Am, But, & Other Uncertainties [Bantawan Theatre Staging]



PROJECT PROFILE
Time: approx. 40 mins. December 8, 9, and 10, 2010
Space: Bantawan Sugbu Theatre, Cebu City
Credits: [Music]"Mining in the Rain" by Colleen, "The Dance Of The Skeleton Lords" by Tibetan Monks of Drepung Loseling Monastery, "Crazy in Love" by Antony Hegarty, "Fletta" by Antony & the Johnsons Feat. Brk, Original Aleatoric Saxophone – Prof. Raymund Fernandez (XO?)
Collaborators: Raymund Fernandez
Video Documentation: He[sit]ation / Am, But
Photo Documentation: Sam Kho / Mecca Maranga

It was the precision and minimalism of Noh theatre that first drew me to the Japanese performance style. I experimented with basic Noh movements and incorporated them into my performances including the kimono-based costuming. Despite this appropriation, my own kinetic visual language remained heavily dependent on the aleatoric music provided by my fellow XO? members, in that my movements were reactions to the sound they produced and vice versa.

I described my body movements “organic” as they were all bound by chance, not only due to the accompanying sound but also in terms of space, costuming, my own state of mind and other unprecedented factors.
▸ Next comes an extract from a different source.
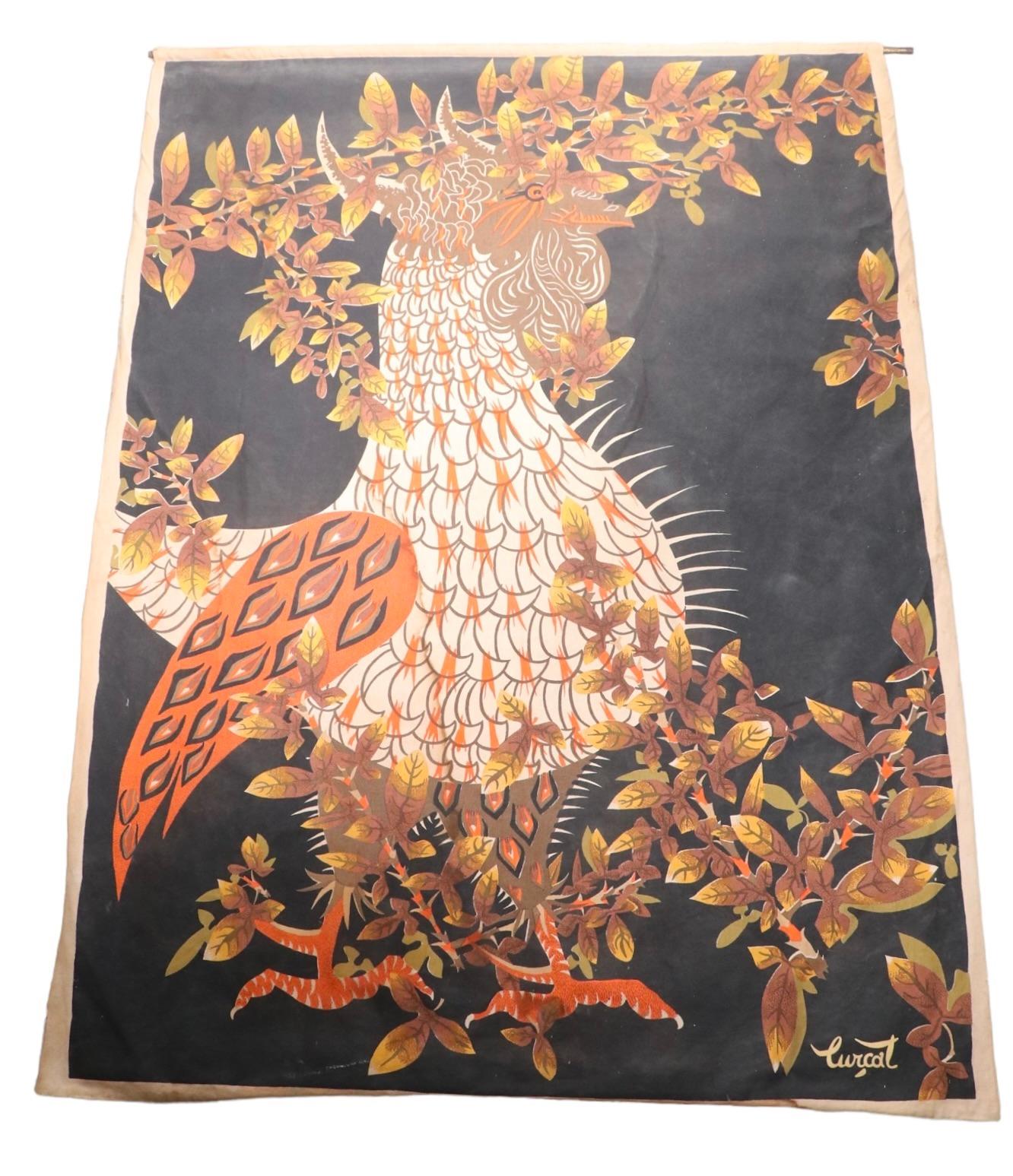 Large lithograph, tapestry style wall hanging by Jean Lucrat, printed by Corot, Made in France circa 1950's. This famous work is know as Le Tanager ( The Screamer ) . This example is in fair to good condition, there is a visible stain and general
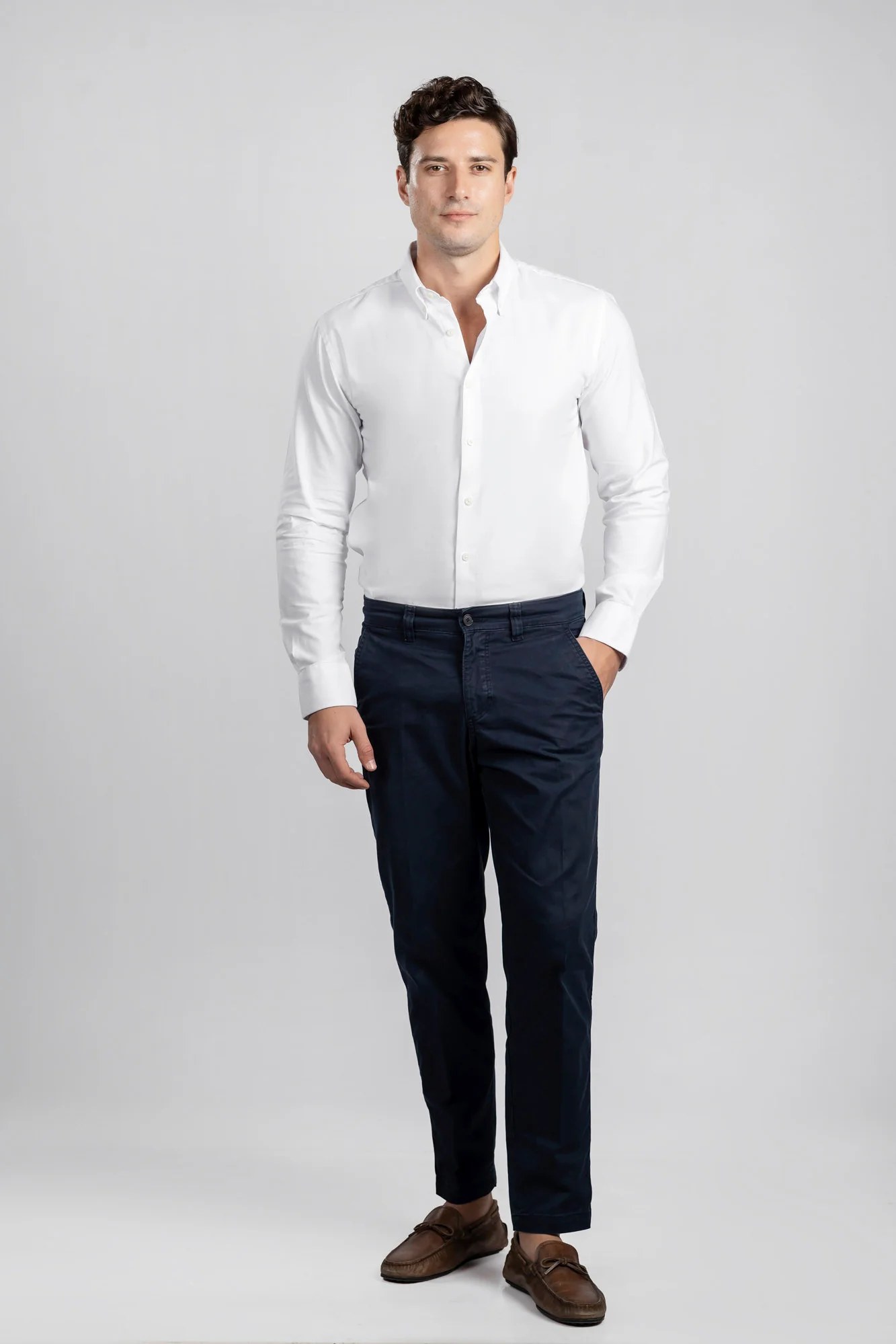 White Oxford Button-Down Shirt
When I chanced upon Butoh, I realized that the art form and its creators had very similar intentions with mine as far as dance; movement and its subjects were concerned. I have always held a fascination with the grotesque, how it typifies so much more truth, and in its abundance of truth- revealed beauty. Instead of stubbornly insisting on my goals as entirely original, I embraced and adopted Butoh as the form in which this aspect of my work is classified.

With Butoh, I find a more honest approach to dance, and a deeper connection between body and soul. When I dance, it becomes less of a physical action but more of a spiritual revelation. The three performances discuss universal confrontations with the self: He[sit]ation is a battle between two choices. Am, but (my cards on the table) is a laying out of what one has, and consequently what one lacks, a calculation of the self. As in finding a solution to a mathematical equation, the character seeks to find a resolution for his existential dilemma. Fletta is a surrender to the unknown universal and the inevitable, a dance inside the delicate web of love.